-- Collected data entries --
__________
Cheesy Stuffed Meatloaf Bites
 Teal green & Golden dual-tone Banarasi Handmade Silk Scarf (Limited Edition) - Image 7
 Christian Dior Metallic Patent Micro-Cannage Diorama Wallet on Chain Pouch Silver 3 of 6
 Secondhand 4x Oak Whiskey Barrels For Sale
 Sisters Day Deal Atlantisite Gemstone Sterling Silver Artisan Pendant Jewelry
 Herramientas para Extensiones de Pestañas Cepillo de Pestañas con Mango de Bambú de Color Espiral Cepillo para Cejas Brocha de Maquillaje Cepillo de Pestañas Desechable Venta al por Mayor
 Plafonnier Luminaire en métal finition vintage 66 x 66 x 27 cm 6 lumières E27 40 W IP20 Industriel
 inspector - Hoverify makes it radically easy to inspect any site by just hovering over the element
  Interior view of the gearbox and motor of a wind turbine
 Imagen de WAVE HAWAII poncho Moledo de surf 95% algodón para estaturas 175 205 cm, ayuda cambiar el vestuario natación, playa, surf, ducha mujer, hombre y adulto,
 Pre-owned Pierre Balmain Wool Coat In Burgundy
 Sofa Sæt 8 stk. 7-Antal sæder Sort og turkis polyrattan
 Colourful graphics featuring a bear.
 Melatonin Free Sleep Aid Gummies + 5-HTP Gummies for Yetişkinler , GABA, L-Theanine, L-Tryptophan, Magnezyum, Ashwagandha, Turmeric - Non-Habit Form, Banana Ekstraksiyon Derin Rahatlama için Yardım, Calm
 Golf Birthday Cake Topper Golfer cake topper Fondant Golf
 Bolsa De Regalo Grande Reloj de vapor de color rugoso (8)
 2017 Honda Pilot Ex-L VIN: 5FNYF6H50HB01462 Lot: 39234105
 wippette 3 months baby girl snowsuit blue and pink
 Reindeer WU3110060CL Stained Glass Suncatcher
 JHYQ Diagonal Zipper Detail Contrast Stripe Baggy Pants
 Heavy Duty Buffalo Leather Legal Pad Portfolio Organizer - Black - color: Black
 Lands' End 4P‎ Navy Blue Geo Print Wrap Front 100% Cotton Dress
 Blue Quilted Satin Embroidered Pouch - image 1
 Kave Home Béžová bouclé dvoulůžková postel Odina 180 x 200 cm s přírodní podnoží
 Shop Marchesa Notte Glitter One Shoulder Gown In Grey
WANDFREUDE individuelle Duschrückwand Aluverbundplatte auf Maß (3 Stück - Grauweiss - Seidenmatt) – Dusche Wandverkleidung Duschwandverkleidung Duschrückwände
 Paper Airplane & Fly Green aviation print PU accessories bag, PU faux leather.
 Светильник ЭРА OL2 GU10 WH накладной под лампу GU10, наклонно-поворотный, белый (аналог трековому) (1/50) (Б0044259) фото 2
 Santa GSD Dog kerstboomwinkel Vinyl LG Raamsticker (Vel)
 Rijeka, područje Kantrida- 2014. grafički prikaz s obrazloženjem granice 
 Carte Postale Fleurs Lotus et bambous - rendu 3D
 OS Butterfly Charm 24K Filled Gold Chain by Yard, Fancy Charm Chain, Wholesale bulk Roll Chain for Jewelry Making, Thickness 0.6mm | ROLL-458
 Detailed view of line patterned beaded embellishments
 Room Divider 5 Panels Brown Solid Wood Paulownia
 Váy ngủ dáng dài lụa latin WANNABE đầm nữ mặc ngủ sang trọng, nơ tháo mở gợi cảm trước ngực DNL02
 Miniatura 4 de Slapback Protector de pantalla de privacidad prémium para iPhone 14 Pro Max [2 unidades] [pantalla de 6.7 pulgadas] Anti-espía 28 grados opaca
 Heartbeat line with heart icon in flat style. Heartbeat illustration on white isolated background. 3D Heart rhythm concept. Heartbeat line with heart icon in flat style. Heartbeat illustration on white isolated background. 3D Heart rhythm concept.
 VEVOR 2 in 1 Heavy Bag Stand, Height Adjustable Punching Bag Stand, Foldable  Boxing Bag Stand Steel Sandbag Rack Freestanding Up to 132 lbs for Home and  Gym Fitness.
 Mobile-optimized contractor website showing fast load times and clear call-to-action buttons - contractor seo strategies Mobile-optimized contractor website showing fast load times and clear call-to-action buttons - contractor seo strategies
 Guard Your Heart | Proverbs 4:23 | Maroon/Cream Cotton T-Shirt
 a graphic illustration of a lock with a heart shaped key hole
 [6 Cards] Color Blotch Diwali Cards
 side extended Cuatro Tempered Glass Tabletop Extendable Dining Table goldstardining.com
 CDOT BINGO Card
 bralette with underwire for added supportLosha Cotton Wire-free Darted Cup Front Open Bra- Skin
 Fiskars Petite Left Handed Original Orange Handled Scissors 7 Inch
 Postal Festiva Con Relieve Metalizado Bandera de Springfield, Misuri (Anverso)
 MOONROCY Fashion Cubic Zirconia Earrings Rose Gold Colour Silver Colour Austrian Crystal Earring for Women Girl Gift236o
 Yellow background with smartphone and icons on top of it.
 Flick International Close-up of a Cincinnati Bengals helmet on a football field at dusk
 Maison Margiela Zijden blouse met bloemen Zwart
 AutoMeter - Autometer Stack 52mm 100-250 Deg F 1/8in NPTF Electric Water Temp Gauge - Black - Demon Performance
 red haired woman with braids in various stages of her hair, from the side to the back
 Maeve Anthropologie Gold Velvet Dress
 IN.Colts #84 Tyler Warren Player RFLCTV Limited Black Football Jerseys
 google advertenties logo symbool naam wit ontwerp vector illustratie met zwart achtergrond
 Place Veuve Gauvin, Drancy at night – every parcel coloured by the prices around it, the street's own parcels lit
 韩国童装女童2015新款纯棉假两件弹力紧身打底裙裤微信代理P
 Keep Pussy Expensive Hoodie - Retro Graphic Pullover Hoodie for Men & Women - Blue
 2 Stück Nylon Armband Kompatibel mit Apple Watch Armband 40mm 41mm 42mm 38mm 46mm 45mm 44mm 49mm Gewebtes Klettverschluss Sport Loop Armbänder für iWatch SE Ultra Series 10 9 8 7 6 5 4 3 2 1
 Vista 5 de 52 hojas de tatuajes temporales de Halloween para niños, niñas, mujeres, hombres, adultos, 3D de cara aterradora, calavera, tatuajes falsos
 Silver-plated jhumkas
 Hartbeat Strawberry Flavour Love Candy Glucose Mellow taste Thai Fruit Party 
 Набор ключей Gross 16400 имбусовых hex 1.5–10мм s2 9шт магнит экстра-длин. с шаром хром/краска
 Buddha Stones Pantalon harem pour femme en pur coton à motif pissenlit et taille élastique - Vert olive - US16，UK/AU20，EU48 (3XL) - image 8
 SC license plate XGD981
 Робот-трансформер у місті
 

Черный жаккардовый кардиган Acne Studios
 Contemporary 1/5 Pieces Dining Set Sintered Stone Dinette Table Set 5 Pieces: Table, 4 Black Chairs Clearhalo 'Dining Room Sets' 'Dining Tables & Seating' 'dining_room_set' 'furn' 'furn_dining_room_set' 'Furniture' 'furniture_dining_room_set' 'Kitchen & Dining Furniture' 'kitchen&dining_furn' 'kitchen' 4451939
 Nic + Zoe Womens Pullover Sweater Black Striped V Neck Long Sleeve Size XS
__________
-- Exercise details --
Retype only this portion of the data above: the line containing "Hartbeat Strawberry Flavour", the line containing "Набор ключей Gross", and all lines between them, exactly.

-- Final answer --
 Hartbeat Strawberry Flavour Love Candy Glucose Mellow taste Thai Fruit Party 
 Набор ключей Gross 16400 имбусовых hex 1.5–10мм s2 9шт магнит экстра-длин. с шаром хром/краска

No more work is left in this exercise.